# Harvard Police Officer Full Time Positions



## j809

JOB POSTING: PATROL OFFICER
OPEN: 9/21/2021 CLOSES: 10/21/2021
The Town of Harvard Police Department is currently accepting applications for full-time police officer positions. Harvard is a town in Worcester County, located 25 miles west-northwest of Boston along Route 2 and 495 with a population of approximately 6,500 residents. Our ideal candidate is a motivated, results driven individual who is committed to problem solving and community engagement.

Minimum Requirements: Full-Time Police Academy (MPTC recruit academy graduate). Candidates holding a bachelor’s degree in criminal justice; or related field, and full-time experience will be given preference. (Please note: Minimum of Associate’s Degree is required for appointment as a police officer with our agency). Candidates must possess a valid Massachusetts driver’s license, and have or be able to obtain a valid Massachusetts LTC. All candidates must be able to certify under the new Massachusetts POST standards.

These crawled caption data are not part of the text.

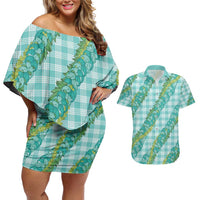 Hawaii Jade Vine Lei Couples Matching Off Shoulder Short Dress and Hawaiian Shirt Aloha Palaka Motif - Turquoise LT14 Turquoise - Polynesian Pride
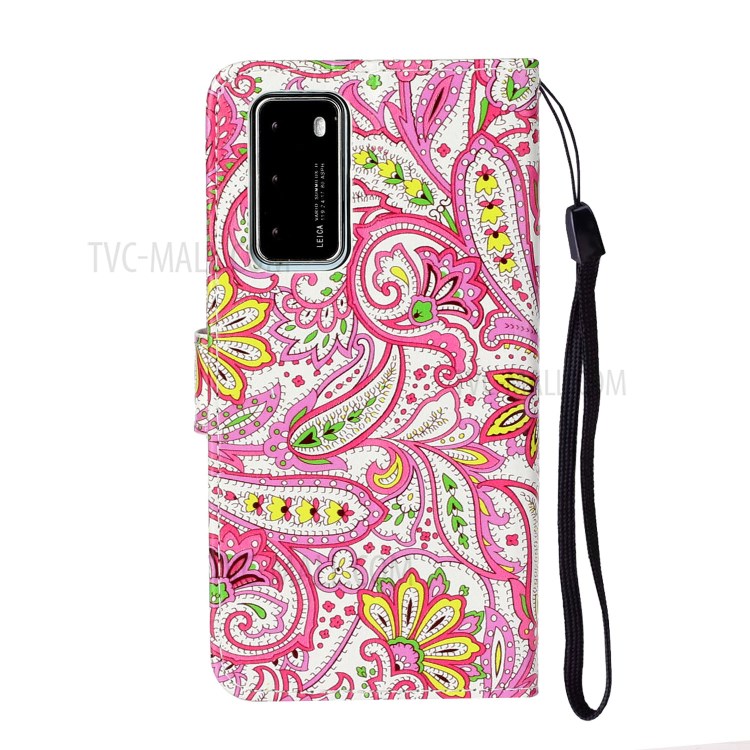 Embossed Patterned Wallet Leather Phone Shell with Strap for Huawei P40 - Paisley Flower-4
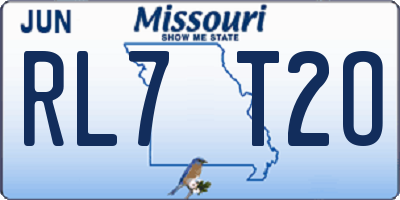 MO license plate RL7T2O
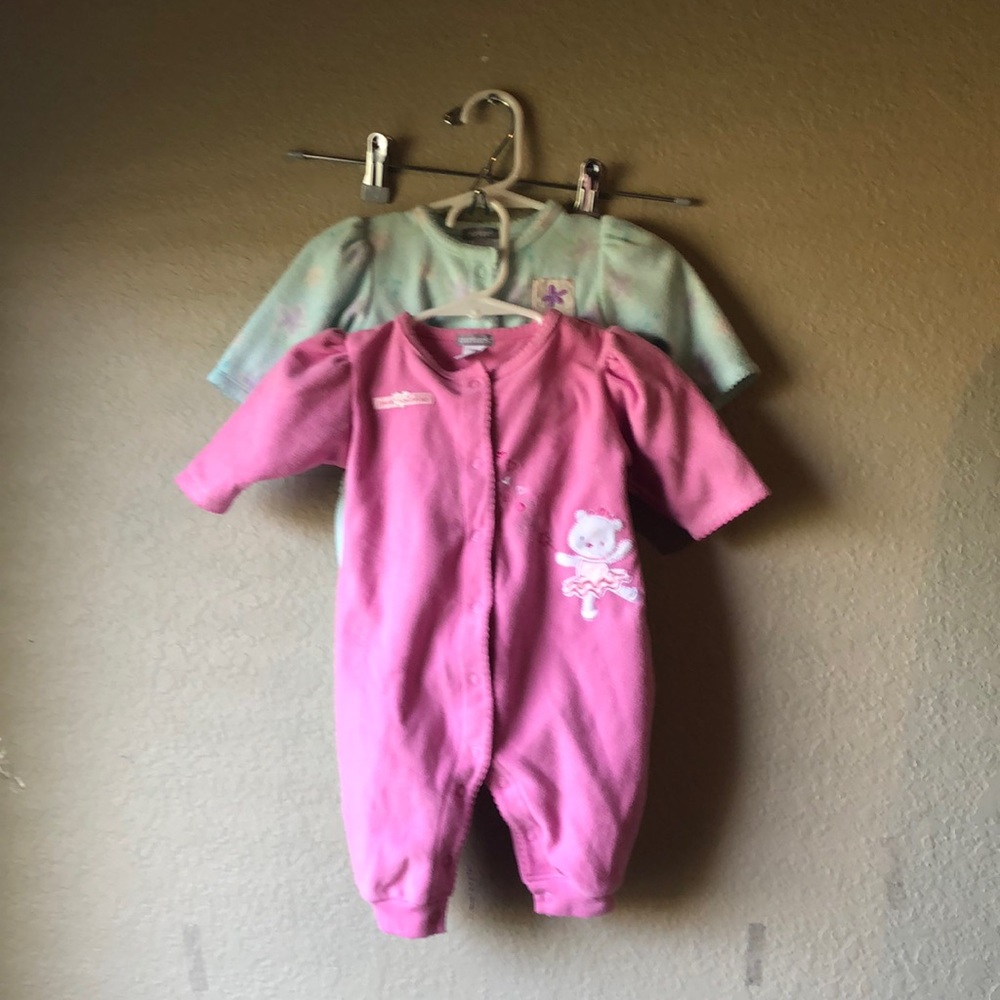 Girls Outfit Y2K Bundle Set Of 2 Long Sleeve Fleece Snap Down Baby Size 3 Months
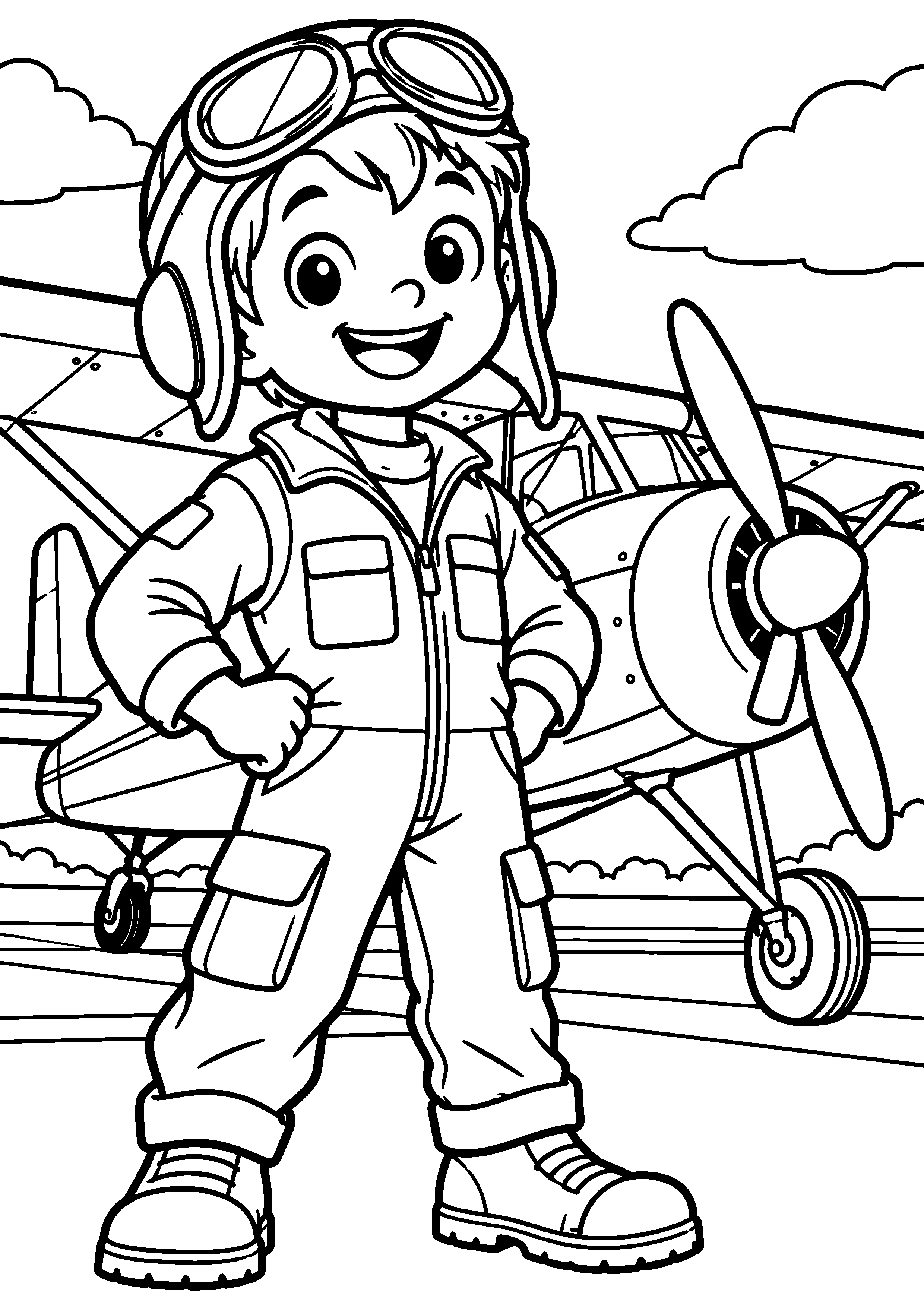 Coloriage en noir et blanc représentant pilote enfant générique devant un petit avion, en grand format A4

Salary range: Min. $53,872 – Max. $69,139, plus differential and education incentive. Differential is $3,120 Evenings and $3,744 Midnights. Education incentives for non-Quinn candidates are $5,000 for Associate’s Degree, $8,000 for Bachelor’s Degree and $10,000 for Master’s Degree. Any candidate who is currently receiving Quinn Bill benefits, and was Quinn eligible prior to 2009, will continue to receive Quinn Bill benefits.

Other benefits include a 4/2 schedule, health coverage, paid holidays, longevity pay, sick-time buyback, detective stipend, and uniform allowance. We offer a number of opportunities such as participation in CEMLEC specialized units, ample paid training, overtime pay and details.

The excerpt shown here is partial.